A year and a half after accepting the first prototypes, the US Marine Corps has awarded BAE Systems and its partner Iveco Defence Vehicles a US$198 million contract to deliver the first 30 of the Corps' next-generation Amphibious Combat Vehicles (ACV). The contact for the fully amphibious, ship-launchable troop carrier includes an option of up to $1.2 billion for a total of 204 vehicles.

The primary mission of the US Marines is to act as the infantry arm of the US Navy, so an amphibious capability is essential to carrying out its mission. The ACV 1.1 program's job is to provide the Marines with a high-speed armored vehicle that's self-deploying and can operate in the open ocean, yet can also fight on land alongside an M1A1 Abrams front-line battle tank.

The BAE Systems ACV is built to carry 13 Marines inside a blast-resistant hull designed to take on mines, IEDs, kinetic energy rounds, and overhead blasts as they ride in a suspended interior seat structure. Meanwhile, the crew of three have their own blast protection and there is a fire suppression system.

The 8x8 vehicle is powered by a six-cylinder engine belting out 700 bhp (522 kW). Though it weighs 67,500 lb (30,617 kg), it can carry a payload of 7,280 lb (3,302 kg) at over 65 mph (105 km/h) on paved roads and at sea can manage 6 knots (7 mph, 11 km/h). Its range is up to 325 mi (523 km) at 55 mph (89 km/h) on land, or for land and sea missions it can travel 12 nm (13 mi, 22 km) at sea, then travel over 250 mi (402 km) once ashore.

BAE Systems says that before it delivered its first 16 prototypes for 15 months of Developmental Testing and Operational Assessment testing, it had already carried out its own in-house risk mitigation testing and evaluation for land mobility, survivability, and swim capabilities.

Construction of the ACVs will be performed at BAE's plants in Aiken, South Carolina; Sterling Heights, Michigan; Minneapolis, Minnesota; Stafford, Texas; San Jose, California; and York, Pennsylvania.

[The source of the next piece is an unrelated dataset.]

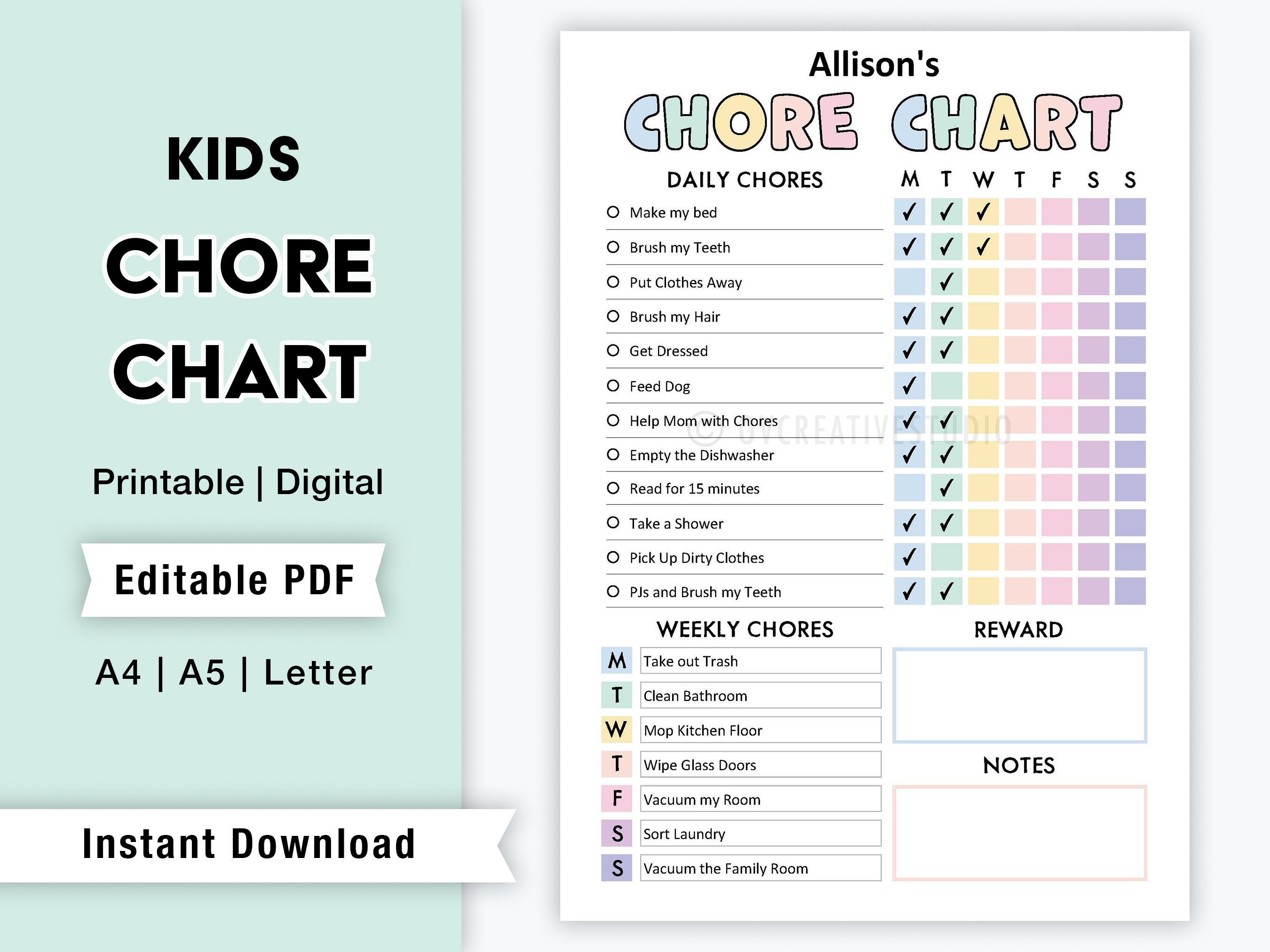 EDITABLE CHORE CHART FOR KIDS – Printable Crush, LLC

"We are well positioned and ready to build the future of amphibious fighting vehicles for the Marine Corps, having already produced 16 prototypes," says Dean Medland, vice president and general manager of Combat Vehicles Amphibious and International at BAE Systems. "Through this award, we are proud to continue our partnership with the Marine Corps by providing a best-in-class vehicle to support its mission through mobility, survivability and lethality."